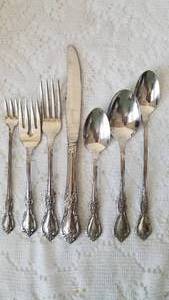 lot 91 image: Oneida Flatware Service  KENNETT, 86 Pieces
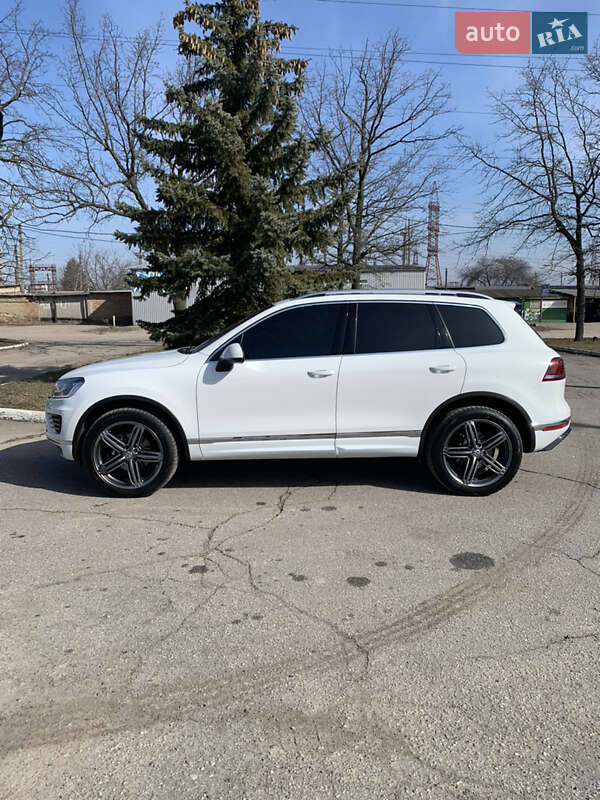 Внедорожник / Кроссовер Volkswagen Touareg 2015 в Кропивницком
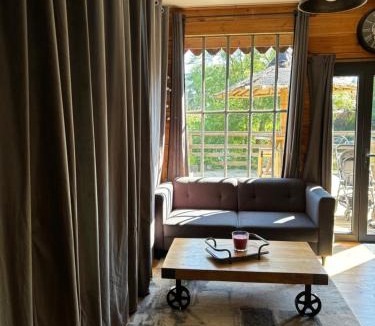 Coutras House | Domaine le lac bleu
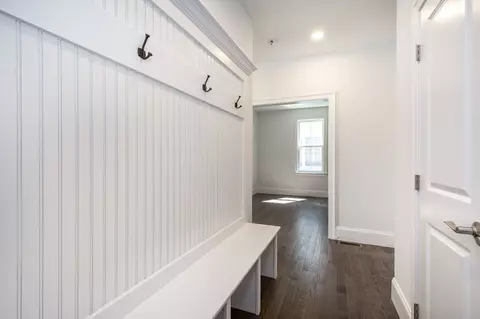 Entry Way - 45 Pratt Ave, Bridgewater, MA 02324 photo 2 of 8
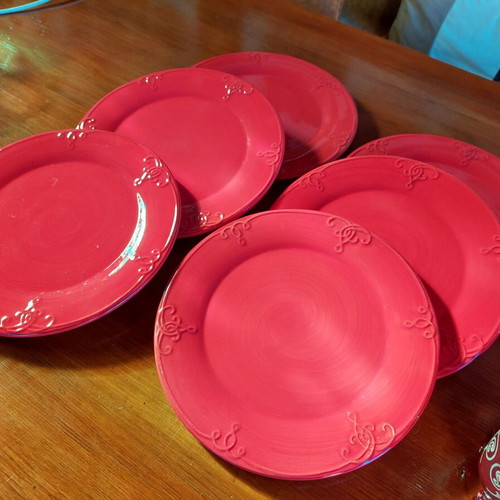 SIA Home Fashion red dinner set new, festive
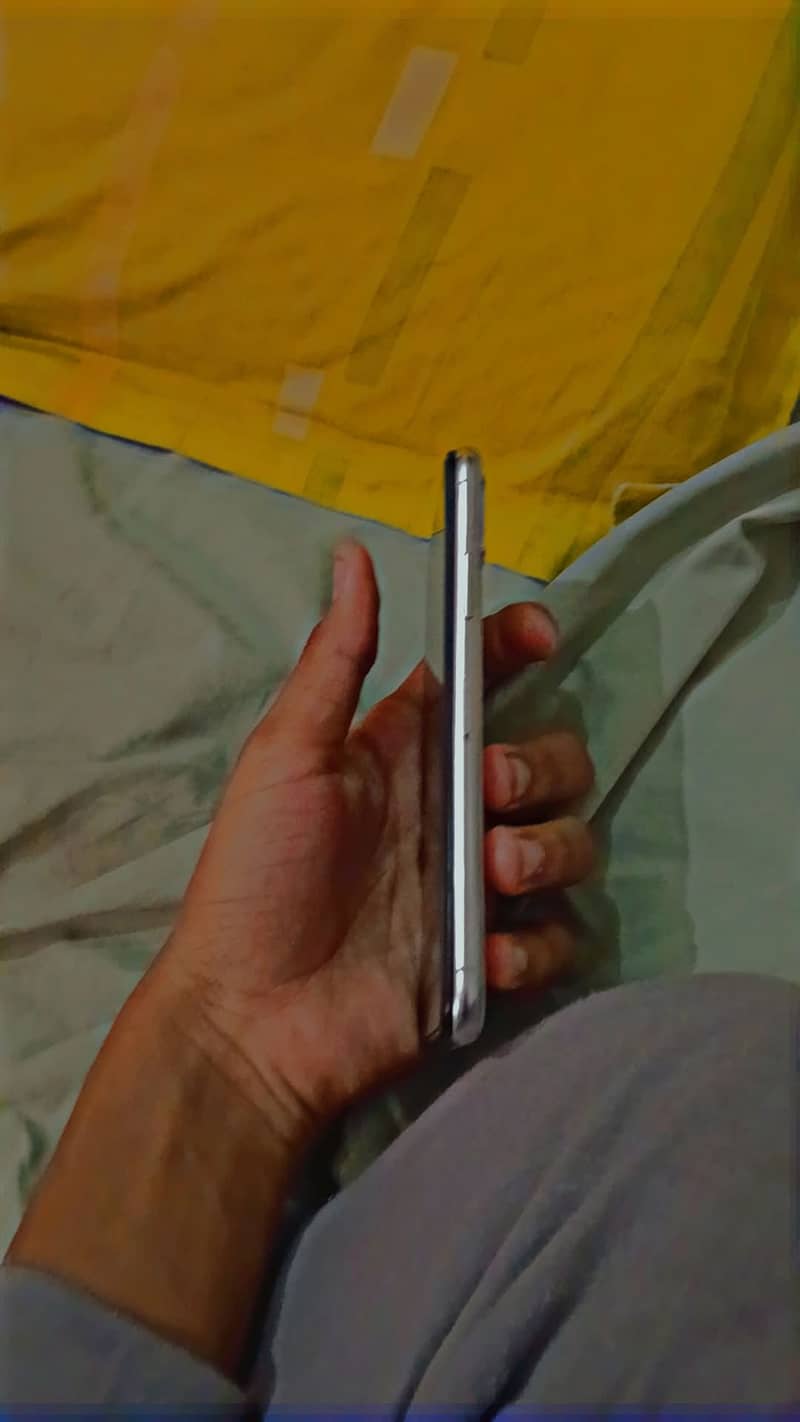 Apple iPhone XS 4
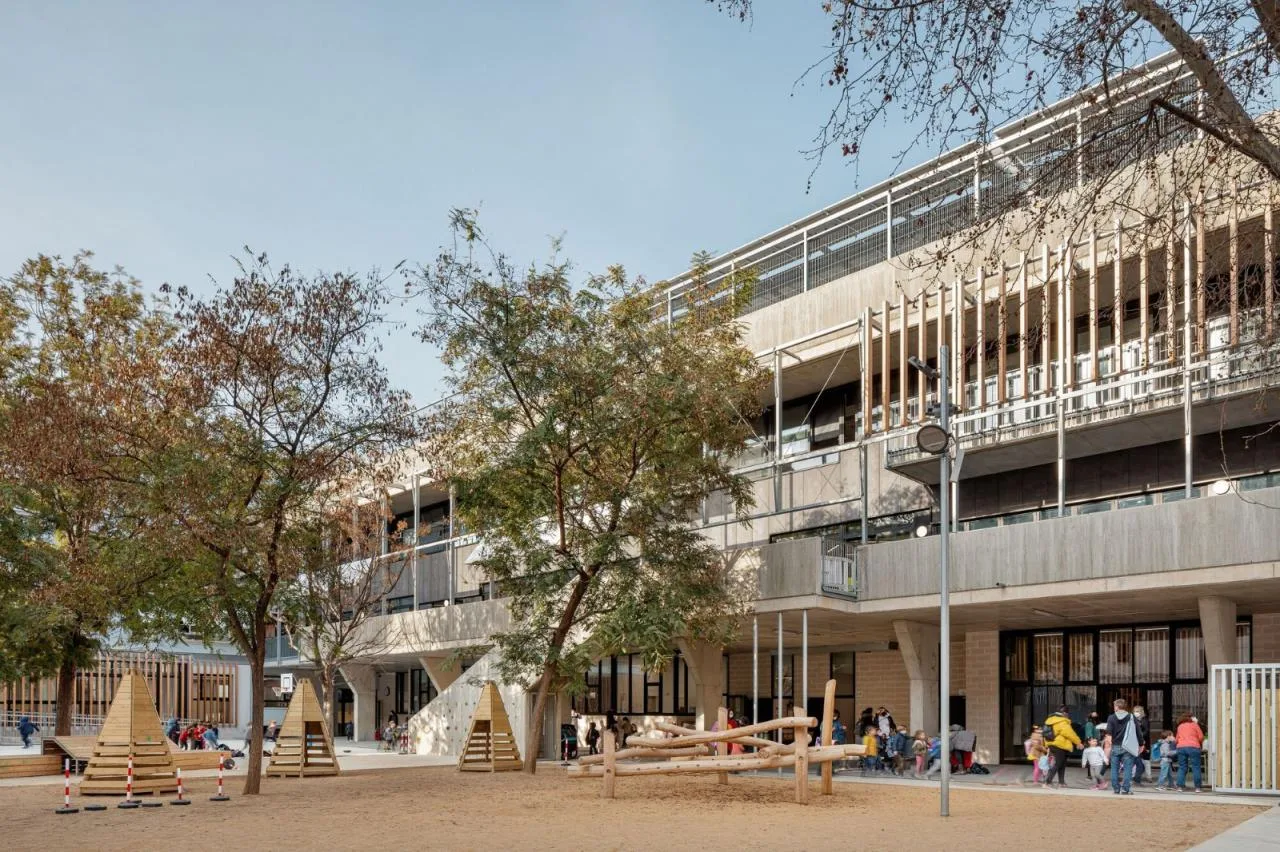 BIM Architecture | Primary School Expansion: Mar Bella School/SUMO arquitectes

::::

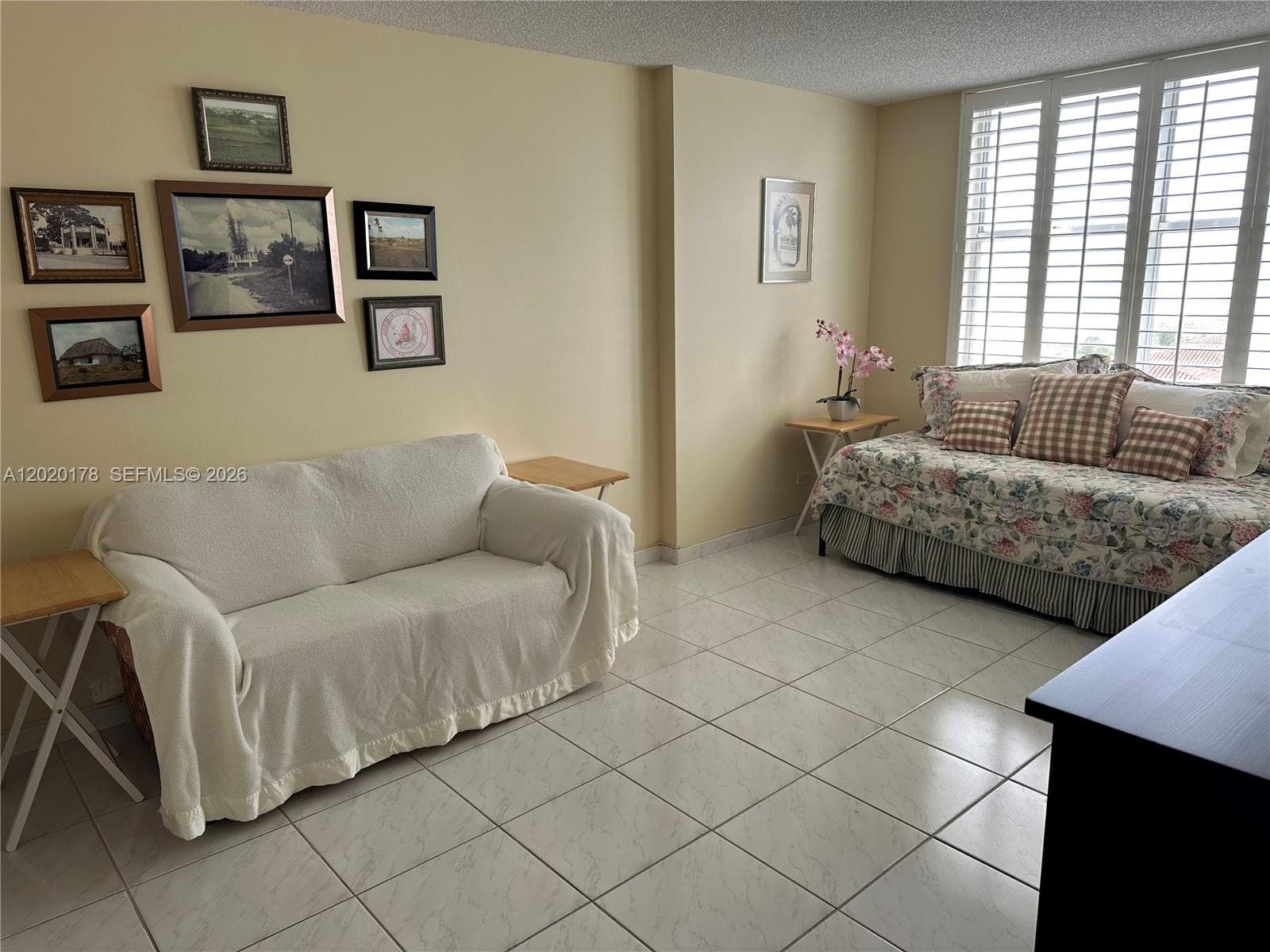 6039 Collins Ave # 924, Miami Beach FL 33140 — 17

::::

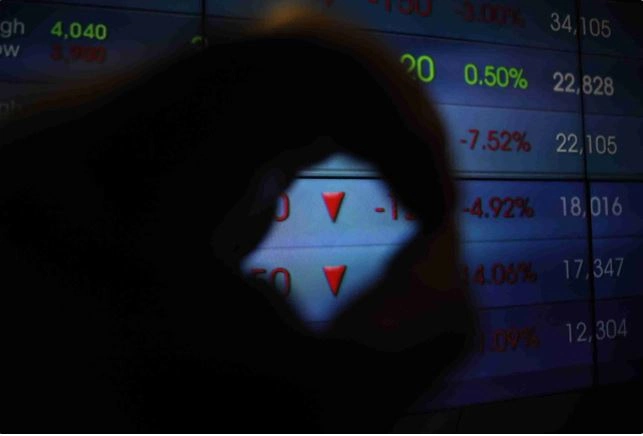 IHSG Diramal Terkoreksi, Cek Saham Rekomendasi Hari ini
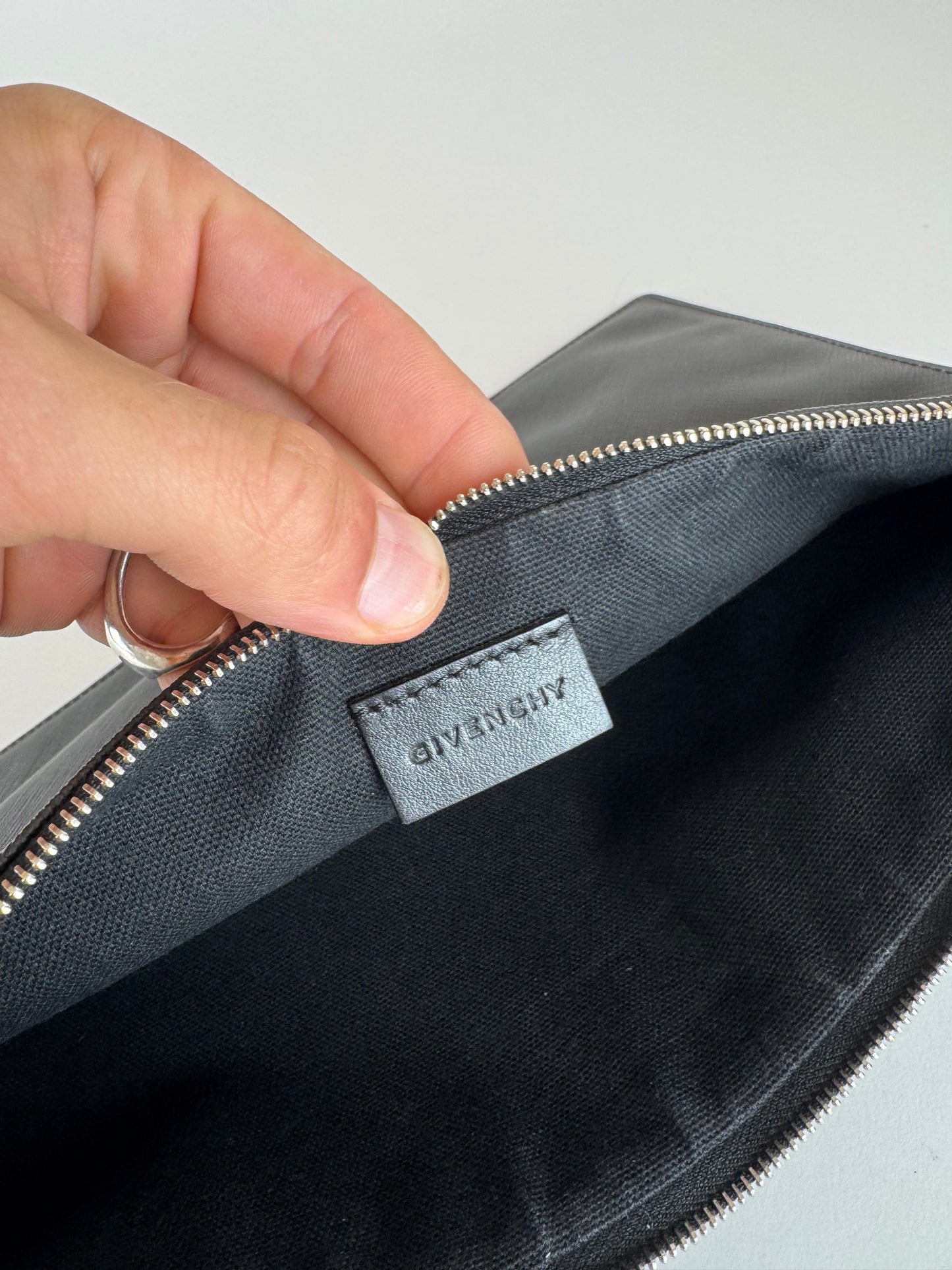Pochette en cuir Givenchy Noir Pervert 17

::::

**DESCRIPTION OF THE TASK**
Only the lines above starting with the line with "lot 91 image: Oneida" and going on through the line with "BIM Architecture |" belong in the answer; repeat them exactly, minus any picture.

**SOLUTION TO THIS PROBLEM**
 lot 91 image: Oneida Flatware Service  KENNETT, 86 Pieces
 Внедорожник / Кроссовер Volkswagen Touareg 2015 в Кропивницком
 Coutras House | Domaine le lac bleu
 Entry Way - 45 Pratt Ave, Bridgewater, MA 02324 photo 2 of 8
 SIA Home Fashion red dinner set new, festive
 Apple iPhone XS 4
 BIM Architecture | Primary School Expansion: Mar Bella School/SUMO arquitectes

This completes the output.